Il potenziale narrativo di American Express

Il registro linguistico e le scelte delle parole sono fondamentali per costruire il mito di marca o di prodotto (v. il post precedente). Ci sono scelte particolarmente coraggiose, che possono suscitare qualche perplessità, ma meritano comunque rispetto. Piccole o grandi che siano, impongono alla comunicazione standard quegli scarti semantici che la arricchiscono e la migliorano. 




Con la campagna 2011/2012 "Esprimi il potenziale", American Express ha introdotto massicciamente nel codice narrativo della comunicazione la parola "potenziale". Non è stata la prima. Qualche anno fa Microsoft aveva già sdoganato il termine con una campagna secondo me straordinaria: "Your potential, our passion"




Francamente era difficile scommettere che una parola così fredda, con un registro linguistico alto e un valore semantico piuttosto tecnico, potesse diventare un segno di comunicazione caldo, accattivante, comprensibile. Non dico che "potenziale" sia una parola astrusa, ma sicuramente non è inclusa in quell'elenco di poche centinaia di vocaboli usati dall'italiano medio. E' vero che il target di riferimento in entrambi i casi è medio-alto e/o scolarizzato. Ma "potenziale" di suo rimane un termine freddo, analitico, poco adatto a rendere empatica la comunicazione.

Il merito di American Express e di Microsoft è di aver saputo trasformare "potenziale" in una figura carica di attesa, aspettative, emozione. L'hanno spogliato del suo significato prevalentemente tecnico, del suo registro alto, e hanno rivelato - mi si passi il gioco di parole -  le sue potenzialità narrative. 

Sono questi segni che contribuiscono a far crescere l'aura mitica di una marca. Come piccole divinità creatrici, danno nuovi significati alla nostra quotidianità, sembrano inaugurare nuovi mondi e nuove possibilità. Finché il loro "potenziale" finirà per perdere la carica poetica. E diventerà linguaggio comune. 


Techetecheté marketing

Fino all'anno scorso era Dadaumpa. Quest'estate è diventato Techetecheté. E' il format dell'archivio Rai con spezzoni di vecchi programmi e personaggi della TV. Il bianco e nero, le immagini talvolta poco nitide, i corpi e le voci così diversi dagli standard di oggi. Sembra che piaccia molto ai giovani e ai giovanissimi. Il motivo è semplice. E' il fascino delle origini. E' la forza del mito.

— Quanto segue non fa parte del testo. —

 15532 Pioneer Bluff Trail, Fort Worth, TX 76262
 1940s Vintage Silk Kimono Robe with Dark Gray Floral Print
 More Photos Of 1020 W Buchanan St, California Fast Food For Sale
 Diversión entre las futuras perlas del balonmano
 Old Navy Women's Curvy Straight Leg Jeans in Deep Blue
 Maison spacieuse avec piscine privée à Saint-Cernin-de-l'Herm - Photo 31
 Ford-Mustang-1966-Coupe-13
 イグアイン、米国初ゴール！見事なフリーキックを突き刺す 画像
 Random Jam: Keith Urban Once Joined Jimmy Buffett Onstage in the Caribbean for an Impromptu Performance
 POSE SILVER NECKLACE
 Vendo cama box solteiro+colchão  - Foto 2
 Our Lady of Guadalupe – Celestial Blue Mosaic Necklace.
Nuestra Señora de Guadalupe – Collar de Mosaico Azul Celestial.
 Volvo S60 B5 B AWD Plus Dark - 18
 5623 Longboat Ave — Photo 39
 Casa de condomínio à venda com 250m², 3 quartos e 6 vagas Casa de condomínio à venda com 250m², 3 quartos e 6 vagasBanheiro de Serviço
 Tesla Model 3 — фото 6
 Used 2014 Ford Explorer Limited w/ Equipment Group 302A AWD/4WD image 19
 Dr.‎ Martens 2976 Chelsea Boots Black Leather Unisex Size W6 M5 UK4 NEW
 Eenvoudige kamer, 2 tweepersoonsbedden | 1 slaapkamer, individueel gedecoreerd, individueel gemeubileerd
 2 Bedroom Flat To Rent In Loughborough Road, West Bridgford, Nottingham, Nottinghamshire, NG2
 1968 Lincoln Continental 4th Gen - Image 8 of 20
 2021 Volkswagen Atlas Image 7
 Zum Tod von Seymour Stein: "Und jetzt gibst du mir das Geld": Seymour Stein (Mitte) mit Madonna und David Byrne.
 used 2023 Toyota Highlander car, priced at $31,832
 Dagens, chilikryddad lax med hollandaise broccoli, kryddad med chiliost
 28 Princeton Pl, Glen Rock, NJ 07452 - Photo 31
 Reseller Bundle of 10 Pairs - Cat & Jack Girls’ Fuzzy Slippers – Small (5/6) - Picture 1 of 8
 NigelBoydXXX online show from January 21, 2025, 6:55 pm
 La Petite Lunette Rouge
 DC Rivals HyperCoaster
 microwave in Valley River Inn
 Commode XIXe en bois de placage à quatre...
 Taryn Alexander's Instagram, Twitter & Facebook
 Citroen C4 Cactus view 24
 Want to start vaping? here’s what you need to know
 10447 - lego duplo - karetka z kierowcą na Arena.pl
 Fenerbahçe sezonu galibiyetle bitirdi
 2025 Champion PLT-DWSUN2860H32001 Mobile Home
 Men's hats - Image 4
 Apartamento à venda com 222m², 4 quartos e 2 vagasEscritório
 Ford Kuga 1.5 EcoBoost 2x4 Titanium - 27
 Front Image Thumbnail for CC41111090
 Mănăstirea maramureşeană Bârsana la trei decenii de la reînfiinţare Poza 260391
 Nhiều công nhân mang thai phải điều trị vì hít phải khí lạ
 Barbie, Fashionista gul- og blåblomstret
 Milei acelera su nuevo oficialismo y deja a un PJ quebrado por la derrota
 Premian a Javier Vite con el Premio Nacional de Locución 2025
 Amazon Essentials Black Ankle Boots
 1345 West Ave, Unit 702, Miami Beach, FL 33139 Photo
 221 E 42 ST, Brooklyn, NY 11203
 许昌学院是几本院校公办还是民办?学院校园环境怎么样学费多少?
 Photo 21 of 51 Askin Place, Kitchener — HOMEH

Il mito è, per così dire, una storia che viene vissuta. E' empatia, emozioni, curiosità. Consolida legami e fedeltà (in questo caso, l'attesa delle nove meno un quarto per vedere la nuova puntata del programma). L'esempio di Techetecheté può essere utile per vedere come il processo di costruzione del mito possa essere applicato con efficacia alla comunicazione di marca e, perché no?, di prodotto.

Ecco alcuni punti da tenere presente per "mitizzare" il brand.

1. Creare un'aura mitica. Raccontare la marca o il prodotto come fossero un mondo che dà significato a esigenze, bisogni, esperienze.
2. Creare un nuovo linguaggio con contaminazioni e stilizzazioni precise, che parla a e di quelle esperienze.
2. No alla storia monumentale, si alle piccole storie.
3. Dare voce ai testimoni.
4. Disseminare segni di riconoscimento.
5. Coinvolgere il pubblico.
6. Trasformare i clienti in narratori.